Give a chestnut! Tableau Tips (106): Use R to implement cluster analysis
About cluster analysis:What is clustering? Clustering is a way to aggregate or group data. Clustering allows multiple variables to be used to create groupings (using the model k-means clustering). In Tableau
How to implement clustering analysis in? You can try R.
Tableau can do some advanced analysis through R: such as principal component analysis, factor analysis, cluster analysis, classification analysis, and so on. Related content can be clicked to view: Learn to use third-party tools in Tableau through examples.
Let us give an example of a cluster analysis scenario: as the living standards of Chinese residents continue to improve, consumer demand also continues to grow, but there are still certain regional differences in the consumption structure. If cities with similar consumption levels can be clustered into one category, it is easy to see the similarities and differences between cities.
Therefore, we want to use the cluster analysis method to study and analyze the consumption structure of urban residents in 31 provinces (municipalities and autonomous regions) in my country, and find the differences in the consumption structure of each region, so as to provide more effective decision-making basis for local governments.
Today's chestnuts will show the consumption level of urban residents through cluster analysis to share with you: use R to do cluster analysis in Tableau.
In this issue of "Give a Chestnut", the Tableau technique that Ada wants to share with you is: Use R to implement clustering analysis.
To facilitate learning, we use the 2012 statistical data of the China Statistical Yearbook (as shown in the figure below). If you need this data source to learn, please contact me by private message~
Tips: In order to eliminate the inherent differences in regional area, population, etc., and make the data analysis results more reasonable, the indicators here use the average annual consumption expenditure per capita of urban households in each region as the analysis object, that is, per capita value.

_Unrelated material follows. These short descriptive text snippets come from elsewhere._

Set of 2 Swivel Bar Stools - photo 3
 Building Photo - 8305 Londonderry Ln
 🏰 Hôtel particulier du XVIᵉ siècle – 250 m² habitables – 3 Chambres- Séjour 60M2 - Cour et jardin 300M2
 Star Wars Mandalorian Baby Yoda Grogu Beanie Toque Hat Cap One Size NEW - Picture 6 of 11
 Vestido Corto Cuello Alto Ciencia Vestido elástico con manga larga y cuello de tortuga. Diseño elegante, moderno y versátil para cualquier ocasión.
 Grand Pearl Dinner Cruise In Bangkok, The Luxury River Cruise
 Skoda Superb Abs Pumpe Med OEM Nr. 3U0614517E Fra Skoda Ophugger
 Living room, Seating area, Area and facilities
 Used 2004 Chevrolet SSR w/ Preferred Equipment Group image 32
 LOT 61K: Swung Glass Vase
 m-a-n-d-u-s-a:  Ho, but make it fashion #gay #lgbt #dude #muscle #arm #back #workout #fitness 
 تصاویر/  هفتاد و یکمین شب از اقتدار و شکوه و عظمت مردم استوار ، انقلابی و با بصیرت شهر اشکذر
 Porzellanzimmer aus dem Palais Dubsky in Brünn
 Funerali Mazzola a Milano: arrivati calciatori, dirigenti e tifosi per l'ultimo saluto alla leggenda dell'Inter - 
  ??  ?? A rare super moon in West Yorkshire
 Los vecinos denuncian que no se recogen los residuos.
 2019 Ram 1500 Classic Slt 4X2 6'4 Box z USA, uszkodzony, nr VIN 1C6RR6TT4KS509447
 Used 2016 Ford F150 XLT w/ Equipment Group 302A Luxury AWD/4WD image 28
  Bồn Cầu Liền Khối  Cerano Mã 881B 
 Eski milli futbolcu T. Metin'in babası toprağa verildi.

Specific steps are as follows:
1. Install R and connect to R in Tableau
Download R, and install:
install.packages(“Rserve”)
library(Rserve)
Rserve()
Tableau connects to R and enters the server and port number and confirms it.
2. Create a calculated field
Next, create the calculated field Cluster (as shown in the figure below). The function of this calculation field: We grouped these 31 provinces into 6 categories. The basis for clustering into 6 categories is: transportation and communication, medical care, household equipment supplies and services, housing, education, culture and entertainment services, miscellaneous goods and services, Clothing, food.
3. Create a chart
Drag "transportation and communication", "household equipment supplies and services", "education, culture and entertainment services", and "clothing" into the list;
Drag "healthcare", "residence", "miscellaneous goods and services", and "food" to the line;
Drag the calculated field Cluster into the "color" and "label";
Drag the area into the "tool tip" and modify the color, as shown in the figure below (Figure 1).
Drag the region into the column, and drag the calculation field Cluster into the row, color and text, as shown in the figure below (Figure 2).
From these two charts, we can see:
➤ Guangdong, Shanghai, Beijing, Zhejiang, four provinces and cities: "Medical and health care", "Education, culture and entertainment services", "Residence", "Food", "Miscellaneous goods and services", "Transportation and communications" are generally high , Belongs to the high consumer group.
➤ Tibet, Yunnan, Guizhou, Hainan, Anhui and other places: "Clothing", "Miscellaneous Commodity Services", "Residence", "Education, Culture and Entertainment Services", "Medical Care" are generally low, and the overall consumption level is low.
Have you gotten the Tableau skills in this issue? Give it a try!